Tuesday, 16 January 2007: 9:15 AM
High performance distributed data reduction and analysis with the netCDF Operators (NCO)
217A (Henry B. Gonzalez Convention Center)
The netCDF Operator (NCO) software facilitates manipulation and analysis of gridded geoscience data stored in the self-describing netCDF format. NCO has helped researchers analyze and data-centers serve netCDF data for about ten years. In the last decade NCO has acquired significant functionality including shared memory threading, a message-passing interface, network transparency, and an interpreted language parser. NCO is optimized to efficiently analyze large multi-dimensional datasets spanning many files on local and remote clusters. NCO treats data files as a high level data type whose contents may be simultaneously manipulated by a single command. Institutions and data portals often use NCO for middleware, to hyperslab and aggregate dataset requests, while scientific researchers use NCO to perform three general functions: arithmetic operations, data permutation and compression, and metadata editing.

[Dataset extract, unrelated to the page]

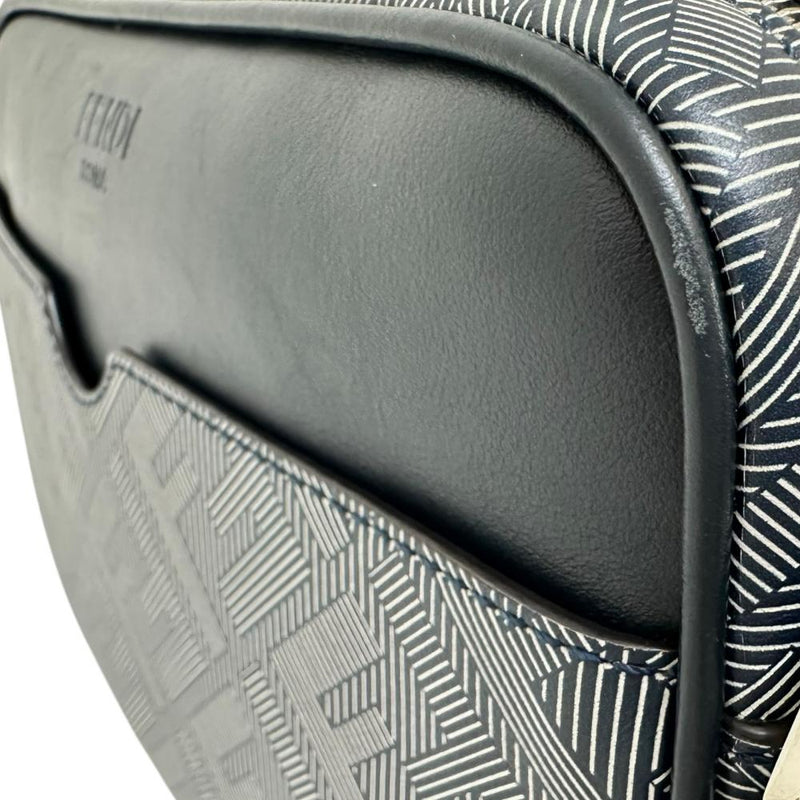 ★★最終特価品【FENDI/フェンディ】 7M0286 カメラバッグ ショルダーバッグ レザー ネイビー/ロゴ柄 メンズ【中古】【真子質店】【GD】




【KMaK】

We give an overview of NCO's design philosophy, primary features, and future plans.
The bulk of our presentation will describe how NCO can access and reduce distributed multi-file terascale datasets swiftly and with relative ease. These features include 1) a server-side implementation of NCO which efficiently shares the analysis workload with the client to reduce network bandwidth required and improve throughput; 2) automatic threading of workloads within each file; and 3) compatibility with multiple transfer protocols including OPeNDAP, FTP, and SFTP. We will illustrate this functionality using datset reduction of climate simulations from the Intergovernmental Panel on Climate Change (IPCC) fourth assessment report (AR4).
Supplementary URL: http://nco.sf.net